As Mr. Atkinson said, manufacturers go upscale in order to recoup their expenses with less units sold. Fine, let's say this is reasonable behaviour, but when you decide to sell 100 boxes @ $10,000 each instead of aiming for a target of 1,000 boxes @ $1,000 each, at least make sure the damn thing is put together well enough that you don't get a failure rate of 25%!

Remember the wonderful sounding Technical Brain products? These were beautifully built and offered a lot of satisfaction to their well-heeled owners... When they cared to work as advertised, which seemed to not happen very often!

Indeed, If someone makes more money per year than I will do in my lifetime they may accept to buy high-end products and call them "consumables", but it still stinks.

P.S. I use an Esoteric/MSB/Boulder/Raidho rig wired with Siltech - not cheap by any account - but then I am sure these will probably outlast me and not go out with a big puff of smoke whenever my cat wags her tail at them.

expolsionsinthesky's picture

Mr. Butler,

You may be one of those that makes more in a year than I will in a lifetime.  But you obviously can't see throught your own bullshit.

I do not begrudge anyone buying the best audio equipment they can afford!  I just don't subscribe to the fact that you need so called "high-performance audio" to enjoy the music.

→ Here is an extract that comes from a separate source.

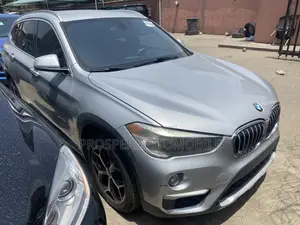 BMW X1 xDrive28i AWD 2016 Silver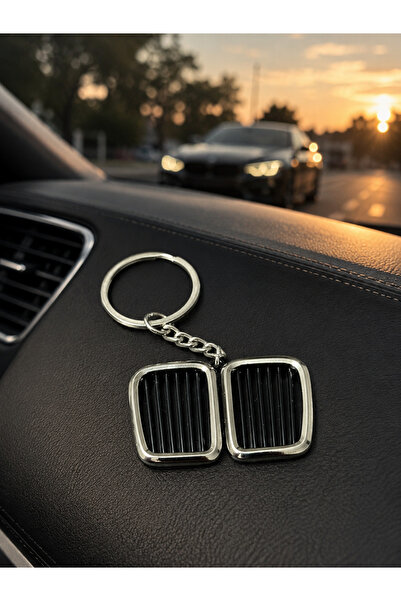 BMW Böbrek Izgara Tasarımlı Metal Anahtarlık – Klasik Otomobil Aksesuarı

If I understand the general push behind the "Save the Stereo" campaign, it is to bring younger listeners into audiophile mix, has nothing to do with how much one spends to reach audio nirvana.

Patrick Butler's picture

Hi Explosionsinthesky (great band by the way),

iosIP contends that what is wrong with this business are expensive products that he personally does not like.  I think that fairly well summarizes his position.  Being in sales I can tell you that the only opinion that really matters regarding the worth of a product is the paying customer.  To that end, when well-heeled customers purchase and appreciate the kind products iosIP finds unworthy of carrying the "High End" label, they disprove his theory.  

I've been in the homes of people with the means to buy this fantastically expensive gear.  The owners are smart, hard working and discerning.  The products they buy are akin to fetishes-  there are many of them, and there is no "best" one save for that which turns you on.  iosIP has a fetish for a "Esoteric/MSB/Boulder/Raidho rig wired with Siltech."  While I understand the kind of sound he is into, I can guarantee you that it does not work for everyone.  The High End is a big tent full of fantastic people, products at all prices, and obscurity.  The obscurity is the issue- not the products.  

iosiP's picture

My problem is not about what I like (or dislike): I do agree tastes and financial issues are highly personal!

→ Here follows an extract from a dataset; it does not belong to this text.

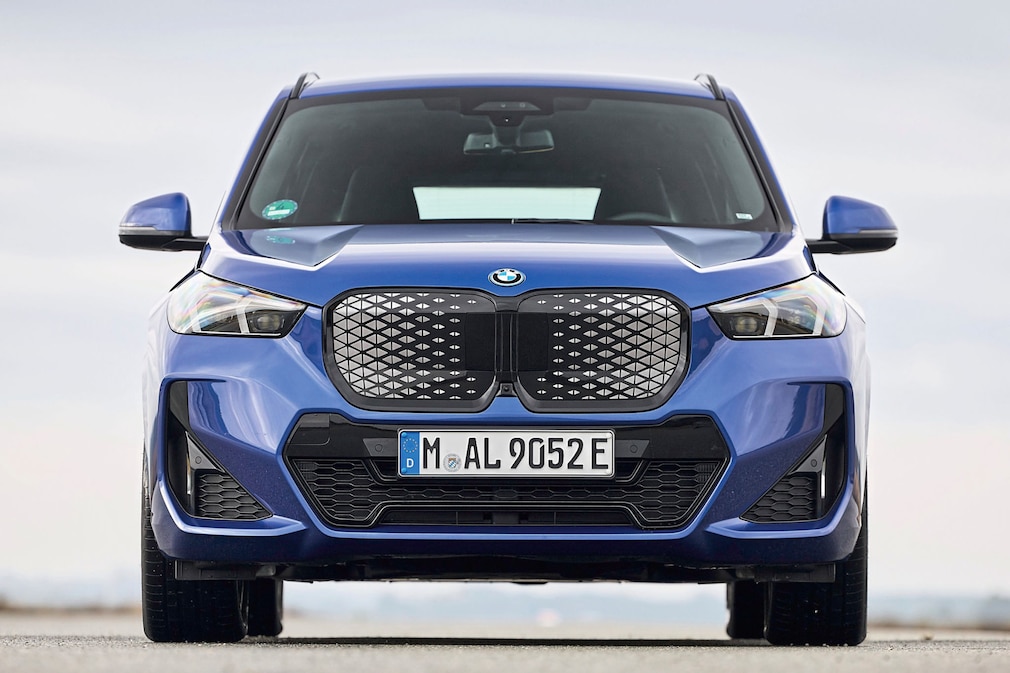 BMW iX1 xDrive30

My gripe is with the lack of dependability of some high-end products and with the overrated specifications llttering the marketing blurbs.

As for my system, I'm sure this sound is not for everyone, but listing my rig has nothing to do with the sound of it (or even with the looks or user ergonomics), and is far for showing any kind of "fetish": I was referring simply to the fact that a specification of 300Wpc for a Boulder amp actually means... well, even more than 300Wpc, that the Esoteric transport won't let me down after two years of service and the MSB DAC won't lose sync if my cat is sneezing at the digital cable.

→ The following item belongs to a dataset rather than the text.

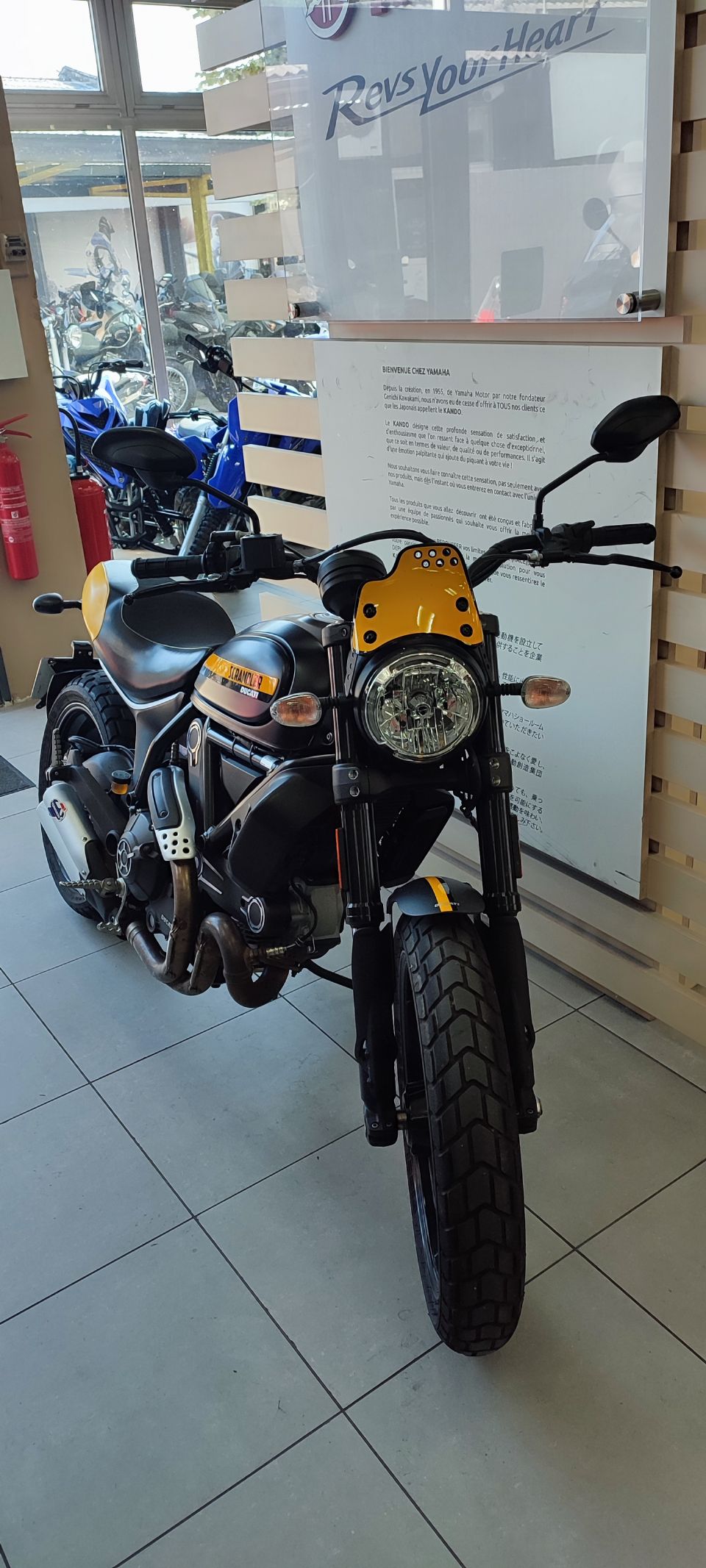 DUCATI SCRAMBLER 18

So this is not about sound, although you seem to not (want) to understand it, it's about QC and bogus claims.

BTW, a friend of mine  - one of those that have plenty of disposable income - just purchased 11 (that's eleven) power cables from a new company. I helped him rewire the rig but one of the cables simply refused to provide any power to the attached component. I dismanteled the IEC plug and saw that one wire was not currently connected (and never was). Now, do you find this acceptable for power chords costing in excess of 5,000 EUR each? And what about the leaftlet that came with each cable, clearly stating the individual cable was burnt-in for xxx hours at the factory (a premium service with a premium cost)? How can you "burn in" a disconnected cable? 

low2midhifi's picture

Hi-Fi hobbyists are dismayed at the increasing cost of their hobby and want to stay engaged with upgrades and new gear.  Disappointment results at the cost of 2/3s, in my estimation, of the available hi-fi gear.

The top 1/3 of hi-fi product is expensive and, in most cases, built to high specifications, and performs in an exemplary fashion.  Few people have ever been able to afford this project.  There is little change here.

The bottom 1/3 of hi-fi product is a mixture of low and high quality product, considering the price.  I have owned a few stereo receivers over the year.  It amazes me how much some of this product has improved.  There are still--one only has to read the reviews in Stereophile and elsewhere--many fine (and in some cases very highly rated) speakers for less than $1000.00.  Some great speakers costing less than $750 per pair have received good to strong reviews. 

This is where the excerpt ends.